Кажись, опять скребется за дверью. Сергеич напряг слух. Встал и пошел к дверному глазку. Действительно, стоит. В сумках роется. Лекарство, видать, забыла.
Пардон, ошибся. Филькина вынула из сумки сотовый телефон и тихонько пошла от двери. Затем вжалась ухом в трубку и произнесла фразу, от которой мурашки по спине: Сергеич слушал, стоя на сквозняке.
– Я на объекте… – бормотала Тамара. – Иждивенец, повторяю, давно созрел!..
Последнюю фразу она выкрикнула, вероятно, от наплыва чувств.
Вот оно!

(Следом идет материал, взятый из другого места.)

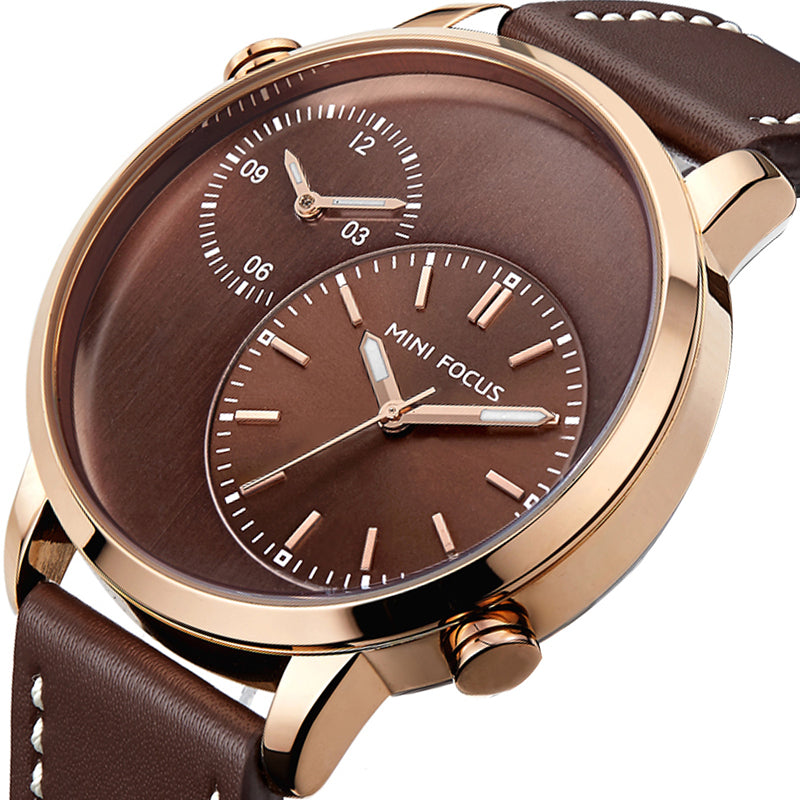 MINI FOCUS MF0035G Two Time Zones Display Men Watch Genuine Leather Strap Quartz Watches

Иждивенец! Нахлебник!.. Ваня Гирин как в воду смотрел.
Сергеич тихо прикрыл дверь и защелкнул замок. Тамара на площадке продолжала чирикать. Ну и шельма!
За дверью вновь послышался шорох. Потом прозвенел квартирный звонок. Лушников не знал, что делать. Пригрел змею… Потом вдруг кашлянул:
– Кто там?
– Я это, Сашенька…
Сергеича передернуло: нашла дурачка! Открыл дверь и пристально посмотрел в лицо. Не для того договаривались, чтобы бросать в одиночестве.
– Как ты? – спросила Филькина. А в глазах холод.
Лушников прошел в комнату, но виду не подает, что слышал разговор. Он и про мобильник впервые узнал. И она еще говорит, что концы с концами едва сводит.
Филькина села на краешек стула. Опять ей некогда. Укольчик в жопу – и бегом по асфальту.
– Знаешь, мне тоже некогда, – сказал Александр Сергеевич.
– Ты что это, Сашенька! Разве же можно тебе?..
– Нет!
– Что с тобой?
Но тот был неумолим. Некогда ему тоже сегодня, решил в баньку сходить, попариться…
– Тогда подпиши бумагу, что отказываешься от инъекций! – тявкнула Филькина. – Чтобы никто за тебя не отвечал!..
– Вам надо – вы и подписывайте. Где квитанция об отправке письма?
– Какого?! – встрепенулась Филькина и глядит святыми глазами. Словно впервые слышит. Но потом спохватилась: – Ты не веришь мне, что ли?!
– Не надо, Тома… Дай квитанцию, чтобы я знал. Почему мне не отвечает никто?
– Это ты у него спроси.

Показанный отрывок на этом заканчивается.